Small business loans New Mexico

Recently ranked the 18th best state to start a business due to low labor costs and other factors, New Mexico is an attractive place to start or expand your small business. But with Bureau of Labor Statistics data showing that one in five new businesses don’t survive to their first birthday, finding financing to keep your business running is top of mind.

Learn how to find the right small business loan in New Mexico, as well as alternative funding options, general requirements and how to apply. 

What types of small business loans are available in New Mexico?

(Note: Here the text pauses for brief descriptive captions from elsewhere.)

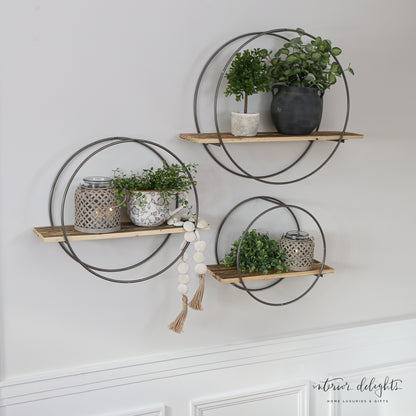 Large Group of 3 Circular Shelves with Reclaimed Wood - Interior Delights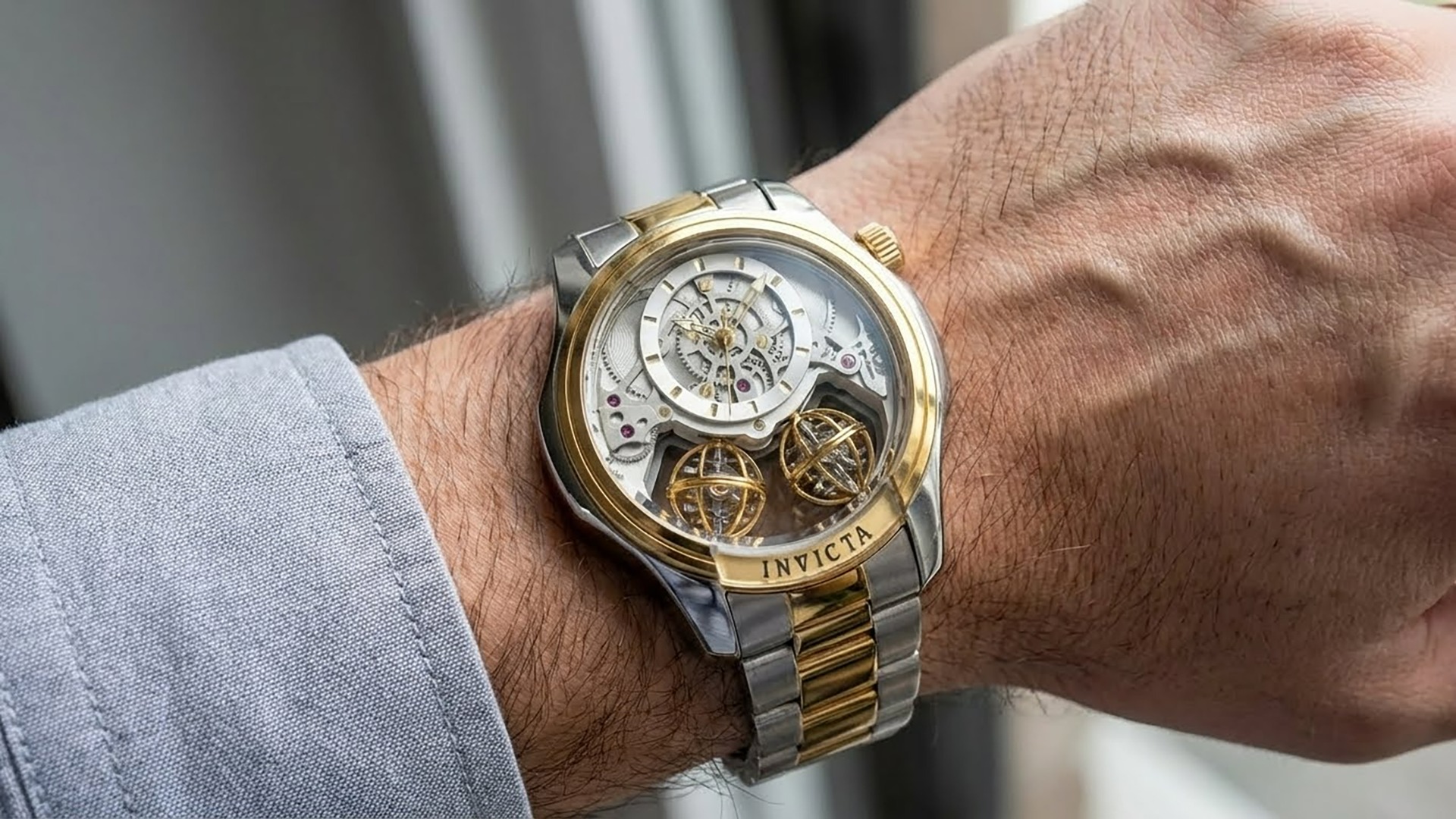 Invicta Specialty Twin-Axis Men's Watch w/ Skeleton Dial - 46mm, Gold, Steel (50124)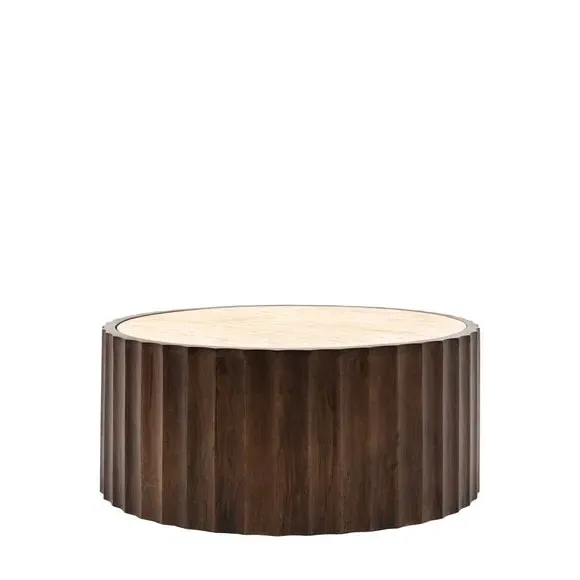 Round Coffee Table with Stone Top - Brown, Mango Wood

Local and national banks both have a strong presence in New Mexico, and small business owners can also access online loans and other options. If you’re looking for small business loans, the most common options are:

  • Traditional bank loans from banks or credit unions which offer favorable rates and terms but may have higher requirements such as credit score or time in business.
  • SBA loans from the U.S. Small Business Administration, including the 7(a) and 504/CDC programs, are government-backed and have competitive rates and terms.
  • Online or alternative loans offer fast funding with lower eligibility requirements but tend to have steeper interest rates to make up for the risk they take on in lending.
  • Microloans, usually provided by nonprofit organizations and community lenders, serve businesses that need less money or may not qualify for larger loans.

Different loan types and lenders will have different requirements and terms. Research is key to finding the right loan for your small business, whether you’re funding an expansion, trying to buy commercial real estate or getting money to start your business. If you have a relationship with a bank in New Mexico, you may start there to see what loan programs they offer. But don’t forget that national or online financial institutions may be able to offer you better interest rates or terms. 

How do I find a business grant in New Mexico?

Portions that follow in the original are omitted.